6 Essentials of College Ministry
I have served as a campus minister for five years and have taught at two universities for nine years. In that time, I’ve learned some lessons about doing campus ministry both the hard way and from great mentors. Here are the top six things you need to know if you’re doing college ministry:
1. Don’t confuse the grace of God with the commands of God’s. To prevent doing this, talk about Jesus (who he is and what he has done) all the time. If you don’t, students will think Christianity is really about something else, like morality, philosophy, piety, social justice, or a religious experience. If you start talking more about what they should do instead of what Jesus has done, you’re preaching another gospel (Gal. 1:6-9), which is to put heavy burdens on them (Matt. 23:2-4).
2. Learn about sexual assault. The prevalence of sexual assault is staggering. At least 1 in 4 women and 1 in 6 men are or will be victims of sexual assault in their lifetime. And the numbers are much worse for college students. These young women and men feel crippling shame, deep guilt, and painfully alone because of what has been done to them.
3. Teach students how to read and interpret the Bible for themselves. This means being clear on the relationship between the law and the gospel. The law is “perfect, true, and righteous altogether” (Psalm 19:7-9) and “holy, just, and good” (Rom. 7:12), but it does not effect what it demands (Gal. 3:21). The good news is that on the cross Jesus took our penalty of law-breaking and fulfilled the law, so he could give us his righteousness. God then works in us to will and to do his good pleasure (Phil. 2:13). The very law that condemns us becomes the very thing that God fulfills in us through the power of his Holy Spirit (Gal. 5:18-23), not through our effort (Gal. 3:1-3).
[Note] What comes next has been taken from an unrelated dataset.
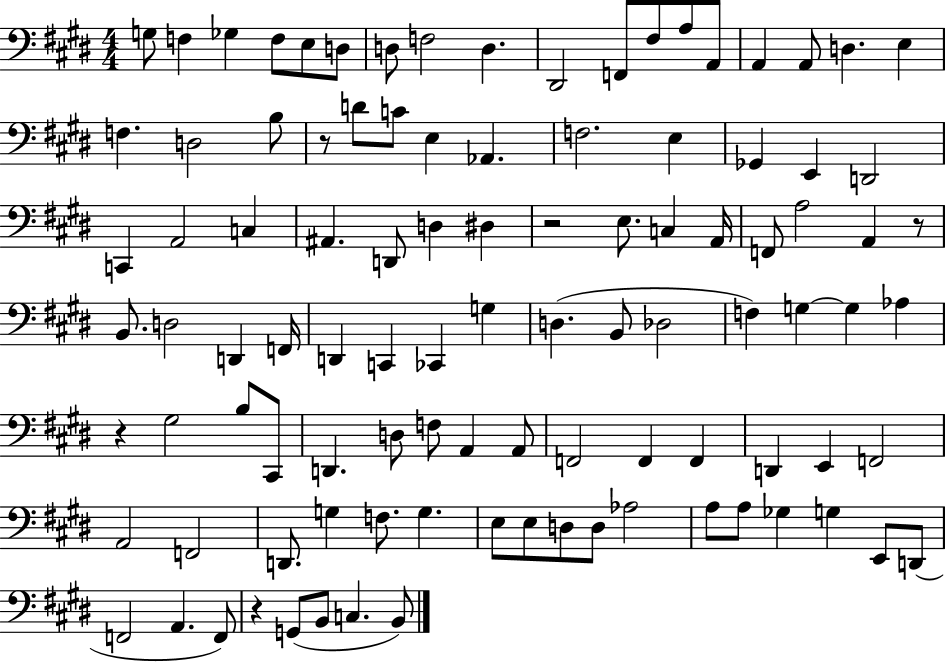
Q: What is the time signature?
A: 4/4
4. Be prepared to comfort students because of divorce and death. College students are at a phase in life where their parents seem to get divorced, if they aren’t already, now that their children are leaving home. This is also the age when grandparents begin to die.
5. Study apologetics. Many students have legitimate questions about who Jesus is and what he did and why he isn’t just a good example. They want to know why they should trust the Bible as reliable. The immense suffering in the world makes them doubt either the goodness or power of God or both. They think Christians are hypocrites and bigots, so why should they become one?
6. Be prepared to counsel students about what they’re really facing. You must be prepared to counsel about eating disorders, pornography, cutting, abusive relationships, and the lingering damage of sexual sin. College students tend to be the shock-absorbers of the myths our cultural sells. Idols are brutal slave masters.